What to work on: Please copy every line from the following entries in which the word "versus" appears.

Collected data:
[Start of Attachment]
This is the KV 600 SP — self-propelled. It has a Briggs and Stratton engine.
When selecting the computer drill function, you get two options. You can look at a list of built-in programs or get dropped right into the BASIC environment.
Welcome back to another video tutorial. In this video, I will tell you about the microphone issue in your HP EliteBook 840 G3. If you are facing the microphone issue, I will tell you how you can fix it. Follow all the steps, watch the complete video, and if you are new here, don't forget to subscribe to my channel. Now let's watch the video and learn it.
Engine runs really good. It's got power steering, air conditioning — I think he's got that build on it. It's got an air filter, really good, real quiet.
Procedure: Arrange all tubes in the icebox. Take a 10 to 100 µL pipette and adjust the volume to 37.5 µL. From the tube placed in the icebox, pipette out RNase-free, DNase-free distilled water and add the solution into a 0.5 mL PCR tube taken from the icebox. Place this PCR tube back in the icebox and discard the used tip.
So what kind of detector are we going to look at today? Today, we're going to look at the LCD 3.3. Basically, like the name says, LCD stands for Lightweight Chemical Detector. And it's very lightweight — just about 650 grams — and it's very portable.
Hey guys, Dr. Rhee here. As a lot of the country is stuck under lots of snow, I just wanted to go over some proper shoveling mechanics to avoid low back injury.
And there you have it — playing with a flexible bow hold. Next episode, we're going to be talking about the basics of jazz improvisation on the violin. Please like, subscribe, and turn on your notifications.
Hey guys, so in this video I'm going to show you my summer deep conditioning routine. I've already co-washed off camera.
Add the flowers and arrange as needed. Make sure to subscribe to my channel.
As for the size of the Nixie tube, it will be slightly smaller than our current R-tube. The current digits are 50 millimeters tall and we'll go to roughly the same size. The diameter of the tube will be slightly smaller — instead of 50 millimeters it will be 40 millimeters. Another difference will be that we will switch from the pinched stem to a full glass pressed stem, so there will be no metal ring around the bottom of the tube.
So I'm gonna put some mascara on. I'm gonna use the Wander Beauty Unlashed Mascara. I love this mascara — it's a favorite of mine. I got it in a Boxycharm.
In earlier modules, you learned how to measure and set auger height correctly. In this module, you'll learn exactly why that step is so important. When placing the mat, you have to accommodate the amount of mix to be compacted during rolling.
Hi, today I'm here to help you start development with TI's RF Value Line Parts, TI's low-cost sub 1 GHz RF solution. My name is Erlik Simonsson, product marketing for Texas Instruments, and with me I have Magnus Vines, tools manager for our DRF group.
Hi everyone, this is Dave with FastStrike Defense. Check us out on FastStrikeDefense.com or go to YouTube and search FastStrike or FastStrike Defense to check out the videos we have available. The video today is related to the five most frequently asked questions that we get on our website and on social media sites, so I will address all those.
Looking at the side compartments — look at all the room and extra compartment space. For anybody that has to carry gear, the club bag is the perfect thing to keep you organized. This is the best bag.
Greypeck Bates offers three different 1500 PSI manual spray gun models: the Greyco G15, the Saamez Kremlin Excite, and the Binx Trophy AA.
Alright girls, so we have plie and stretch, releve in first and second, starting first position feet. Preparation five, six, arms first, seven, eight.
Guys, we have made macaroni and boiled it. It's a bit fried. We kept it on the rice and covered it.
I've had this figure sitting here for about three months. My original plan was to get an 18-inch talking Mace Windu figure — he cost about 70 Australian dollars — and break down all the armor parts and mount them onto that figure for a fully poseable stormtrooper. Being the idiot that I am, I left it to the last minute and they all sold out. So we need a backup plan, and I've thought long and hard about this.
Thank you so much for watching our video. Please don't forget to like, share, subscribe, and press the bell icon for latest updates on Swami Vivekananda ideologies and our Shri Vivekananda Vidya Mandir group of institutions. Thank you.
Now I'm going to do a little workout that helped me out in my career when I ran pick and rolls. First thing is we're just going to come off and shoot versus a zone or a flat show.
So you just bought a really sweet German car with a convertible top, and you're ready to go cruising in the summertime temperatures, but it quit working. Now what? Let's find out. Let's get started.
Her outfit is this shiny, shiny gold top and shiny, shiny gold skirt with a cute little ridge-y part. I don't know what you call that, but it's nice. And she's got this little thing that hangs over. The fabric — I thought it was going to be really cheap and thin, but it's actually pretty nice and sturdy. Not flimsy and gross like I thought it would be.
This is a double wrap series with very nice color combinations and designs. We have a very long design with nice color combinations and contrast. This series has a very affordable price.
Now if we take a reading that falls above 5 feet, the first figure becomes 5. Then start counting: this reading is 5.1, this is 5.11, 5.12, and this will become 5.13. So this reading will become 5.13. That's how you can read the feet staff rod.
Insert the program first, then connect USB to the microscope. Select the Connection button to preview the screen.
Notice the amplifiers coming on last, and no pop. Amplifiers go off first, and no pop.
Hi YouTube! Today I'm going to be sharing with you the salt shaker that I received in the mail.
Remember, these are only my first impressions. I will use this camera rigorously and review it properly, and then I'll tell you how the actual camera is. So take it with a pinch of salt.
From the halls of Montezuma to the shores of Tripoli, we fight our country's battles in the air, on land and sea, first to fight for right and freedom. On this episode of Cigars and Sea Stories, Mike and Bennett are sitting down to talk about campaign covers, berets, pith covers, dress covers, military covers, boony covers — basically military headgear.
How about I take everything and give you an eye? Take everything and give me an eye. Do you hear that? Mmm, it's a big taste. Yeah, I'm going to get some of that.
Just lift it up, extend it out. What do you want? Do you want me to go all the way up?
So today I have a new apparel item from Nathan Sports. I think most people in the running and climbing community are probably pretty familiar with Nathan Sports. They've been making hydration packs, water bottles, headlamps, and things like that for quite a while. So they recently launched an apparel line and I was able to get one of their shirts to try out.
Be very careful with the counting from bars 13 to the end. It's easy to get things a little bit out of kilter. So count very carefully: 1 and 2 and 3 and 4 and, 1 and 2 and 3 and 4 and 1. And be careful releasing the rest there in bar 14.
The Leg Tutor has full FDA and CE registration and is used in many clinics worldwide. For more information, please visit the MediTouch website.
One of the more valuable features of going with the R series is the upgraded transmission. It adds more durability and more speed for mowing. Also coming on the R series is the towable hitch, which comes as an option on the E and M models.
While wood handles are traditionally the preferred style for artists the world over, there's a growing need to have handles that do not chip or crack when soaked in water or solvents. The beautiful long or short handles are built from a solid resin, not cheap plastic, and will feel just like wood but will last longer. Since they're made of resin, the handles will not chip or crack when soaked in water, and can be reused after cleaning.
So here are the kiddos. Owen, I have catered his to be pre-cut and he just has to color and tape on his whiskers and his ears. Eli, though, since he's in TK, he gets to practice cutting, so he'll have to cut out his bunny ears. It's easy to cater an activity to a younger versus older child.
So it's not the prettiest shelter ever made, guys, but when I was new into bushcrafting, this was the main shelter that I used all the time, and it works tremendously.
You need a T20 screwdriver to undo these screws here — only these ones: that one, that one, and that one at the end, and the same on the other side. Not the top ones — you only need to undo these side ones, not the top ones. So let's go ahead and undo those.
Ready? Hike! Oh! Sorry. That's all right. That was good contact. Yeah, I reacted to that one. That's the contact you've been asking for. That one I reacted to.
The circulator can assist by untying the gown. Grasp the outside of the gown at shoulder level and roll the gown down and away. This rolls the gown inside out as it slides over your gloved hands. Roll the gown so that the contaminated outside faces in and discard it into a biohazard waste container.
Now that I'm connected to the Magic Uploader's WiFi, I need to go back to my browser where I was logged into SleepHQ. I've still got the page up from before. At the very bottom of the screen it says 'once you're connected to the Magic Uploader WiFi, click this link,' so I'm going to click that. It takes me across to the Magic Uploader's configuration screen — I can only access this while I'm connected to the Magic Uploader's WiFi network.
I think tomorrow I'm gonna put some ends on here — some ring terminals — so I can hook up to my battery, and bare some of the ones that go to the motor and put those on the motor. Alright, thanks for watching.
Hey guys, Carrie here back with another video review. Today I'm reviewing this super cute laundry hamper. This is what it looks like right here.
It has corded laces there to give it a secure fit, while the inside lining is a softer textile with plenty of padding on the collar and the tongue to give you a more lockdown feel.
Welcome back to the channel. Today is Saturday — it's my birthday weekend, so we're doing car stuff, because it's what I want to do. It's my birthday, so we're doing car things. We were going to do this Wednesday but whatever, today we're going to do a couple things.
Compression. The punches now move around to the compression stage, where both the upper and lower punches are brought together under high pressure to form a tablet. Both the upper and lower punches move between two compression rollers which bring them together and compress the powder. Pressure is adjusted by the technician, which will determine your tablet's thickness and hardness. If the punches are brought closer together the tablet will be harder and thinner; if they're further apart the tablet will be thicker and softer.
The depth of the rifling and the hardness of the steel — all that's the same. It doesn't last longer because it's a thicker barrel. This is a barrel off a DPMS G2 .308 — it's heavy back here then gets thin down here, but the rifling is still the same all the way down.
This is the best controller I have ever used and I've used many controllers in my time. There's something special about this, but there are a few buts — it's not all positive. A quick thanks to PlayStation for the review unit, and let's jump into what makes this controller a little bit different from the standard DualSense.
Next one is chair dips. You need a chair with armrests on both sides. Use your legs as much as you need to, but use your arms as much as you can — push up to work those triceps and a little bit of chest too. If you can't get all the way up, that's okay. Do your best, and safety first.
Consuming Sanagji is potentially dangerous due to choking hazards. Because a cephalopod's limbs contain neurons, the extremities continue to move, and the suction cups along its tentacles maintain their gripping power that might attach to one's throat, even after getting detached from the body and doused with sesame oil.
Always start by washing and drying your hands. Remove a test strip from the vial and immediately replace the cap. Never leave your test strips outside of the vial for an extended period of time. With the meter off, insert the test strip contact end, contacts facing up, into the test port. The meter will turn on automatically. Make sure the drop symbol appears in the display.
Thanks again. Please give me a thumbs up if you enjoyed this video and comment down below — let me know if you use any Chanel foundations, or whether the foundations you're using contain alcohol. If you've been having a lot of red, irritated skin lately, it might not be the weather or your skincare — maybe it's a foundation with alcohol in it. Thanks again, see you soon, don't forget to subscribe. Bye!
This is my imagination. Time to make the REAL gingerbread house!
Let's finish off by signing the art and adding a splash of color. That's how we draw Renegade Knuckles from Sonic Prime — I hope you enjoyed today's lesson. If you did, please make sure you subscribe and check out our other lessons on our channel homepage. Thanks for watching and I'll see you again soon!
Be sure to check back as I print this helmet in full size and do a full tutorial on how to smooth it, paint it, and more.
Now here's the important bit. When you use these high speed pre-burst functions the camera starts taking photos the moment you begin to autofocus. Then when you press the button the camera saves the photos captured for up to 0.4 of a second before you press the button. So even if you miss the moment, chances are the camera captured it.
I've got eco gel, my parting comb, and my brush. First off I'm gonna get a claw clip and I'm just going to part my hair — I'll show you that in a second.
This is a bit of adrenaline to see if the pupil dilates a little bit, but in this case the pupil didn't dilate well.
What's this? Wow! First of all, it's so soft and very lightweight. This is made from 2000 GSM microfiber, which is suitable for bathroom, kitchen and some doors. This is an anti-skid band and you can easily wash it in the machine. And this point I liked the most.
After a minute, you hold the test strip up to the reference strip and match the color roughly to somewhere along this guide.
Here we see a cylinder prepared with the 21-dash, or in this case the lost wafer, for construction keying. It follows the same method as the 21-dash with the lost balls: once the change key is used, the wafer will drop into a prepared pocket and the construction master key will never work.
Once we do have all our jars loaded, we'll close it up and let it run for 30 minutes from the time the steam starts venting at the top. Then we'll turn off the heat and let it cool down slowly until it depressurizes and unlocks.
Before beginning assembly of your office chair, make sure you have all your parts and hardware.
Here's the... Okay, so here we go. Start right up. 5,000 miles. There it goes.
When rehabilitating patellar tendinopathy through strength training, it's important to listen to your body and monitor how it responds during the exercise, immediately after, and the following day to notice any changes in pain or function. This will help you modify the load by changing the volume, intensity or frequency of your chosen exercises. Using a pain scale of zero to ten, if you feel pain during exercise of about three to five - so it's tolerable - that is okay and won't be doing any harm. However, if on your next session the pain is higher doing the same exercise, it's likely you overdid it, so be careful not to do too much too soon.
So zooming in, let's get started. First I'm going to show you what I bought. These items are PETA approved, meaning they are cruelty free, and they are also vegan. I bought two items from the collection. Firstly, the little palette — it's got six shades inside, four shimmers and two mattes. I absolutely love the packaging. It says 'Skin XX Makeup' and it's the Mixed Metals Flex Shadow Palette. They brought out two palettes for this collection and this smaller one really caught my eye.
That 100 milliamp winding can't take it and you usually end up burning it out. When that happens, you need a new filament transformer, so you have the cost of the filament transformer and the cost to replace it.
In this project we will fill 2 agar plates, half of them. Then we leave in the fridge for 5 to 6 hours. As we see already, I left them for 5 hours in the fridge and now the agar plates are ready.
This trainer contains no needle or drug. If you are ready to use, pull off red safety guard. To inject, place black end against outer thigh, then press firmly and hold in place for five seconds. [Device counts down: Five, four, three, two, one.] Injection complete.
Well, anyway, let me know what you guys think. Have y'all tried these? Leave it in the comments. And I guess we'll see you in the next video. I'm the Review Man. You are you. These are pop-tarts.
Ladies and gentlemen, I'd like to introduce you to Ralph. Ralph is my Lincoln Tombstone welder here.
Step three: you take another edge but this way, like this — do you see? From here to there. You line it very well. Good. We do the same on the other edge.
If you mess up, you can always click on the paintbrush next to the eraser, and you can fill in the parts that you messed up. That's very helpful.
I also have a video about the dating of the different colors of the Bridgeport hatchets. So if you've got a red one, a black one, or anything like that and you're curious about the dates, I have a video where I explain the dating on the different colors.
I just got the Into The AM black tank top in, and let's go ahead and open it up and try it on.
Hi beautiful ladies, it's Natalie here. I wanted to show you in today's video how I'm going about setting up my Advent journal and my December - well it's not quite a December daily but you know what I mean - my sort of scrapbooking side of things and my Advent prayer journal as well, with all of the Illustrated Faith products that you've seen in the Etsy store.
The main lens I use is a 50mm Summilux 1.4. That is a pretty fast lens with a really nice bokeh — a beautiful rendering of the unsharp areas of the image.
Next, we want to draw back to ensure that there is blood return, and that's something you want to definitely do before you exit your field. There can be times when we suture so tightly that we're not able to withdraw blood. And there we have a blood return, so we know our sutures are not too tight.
[End of Attachment]
Solution to this task:
Now I'm going to do a little workout that helped me out in my career when I ran pick and rolls. First thing is we're just going to come off and shoot versus a zone or a flat show.
So here are the kiddos. Owen, I have catered his to be pre-cut and he just has to color and tape on his whiskers and his ears. Eli, though, since he's in TK, he gets to practice cutting, so he'll have to cut out his bunny ears. It's easy to cater an activity to a younger versus older child.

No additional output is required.